If you’re interested in captioning your videos, you’ll find this interesting. A useful, more advanced workflow, Dr. Lowney describes how to use the Enhanced Dictation feature in MacOS X 10.9 (Mavericks), combined with Audio Hijack and Soundflower to turn recorded audio into a text file. This can be extremely handy for anyone that needs to create captions for a video, but lacks the transcribed text. Without further ado….

***

By Dr. Frank Lowney

The pressure is on to to make screencasts and other online video more accessible. One important aspect of that challenge is to make video more accessible to persons who are deaf or have difficulty hearing. For video content creators, this means providing a transcript or, better, providing subtitles to that video so that dialogue may be viewed in the same context as the video.

The problem is that many videos are created without a script that is followed closely by the speakers in that video. Indeed, many important videos are created in ad hoc fashion (interviews, panel discussions, conference presentations and the like) where scripts would be totally inappropriate.

Creating text from speech has become essential to meeting these expectations, especially where all one has to work with is the speech in the audio track of a video. Speech to text (STT) is a bit more difficult than text to speech (TTS) which has been in use much longer.

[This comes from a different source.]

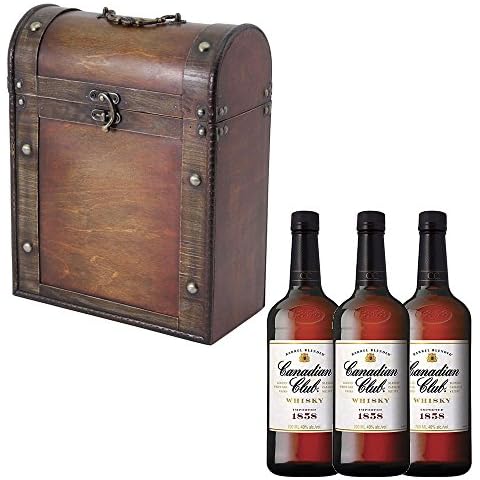 3 x Canadian Club Blended Whiskey in Antique Effect Gift Box With Handcrafted Gifts2Drink Tag Cover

MacOS X recently introduced Dictation (speech-to-text) as a feature usable in any application that takes text as input. This is quite an advance over having to purchase a two hundred dollar application to accomplish the same end. However, the first iteration of this system required an internet connection so that speech could be uploaded to Apple’s servers where it would be turned into text. This created delays and was difficult to use for substantial bodies of text. However, Dictation was given a significant boost in MacOS X 10.9 (Mavericks) with the introduction of Enhanced Dictation which enables offline use and continuous dictation with live feedback.

Still, this is a system that assumes a live speaker. There is no obviously easy way to route speech from a recorded file through Apple’s Dictation system to produce usable text.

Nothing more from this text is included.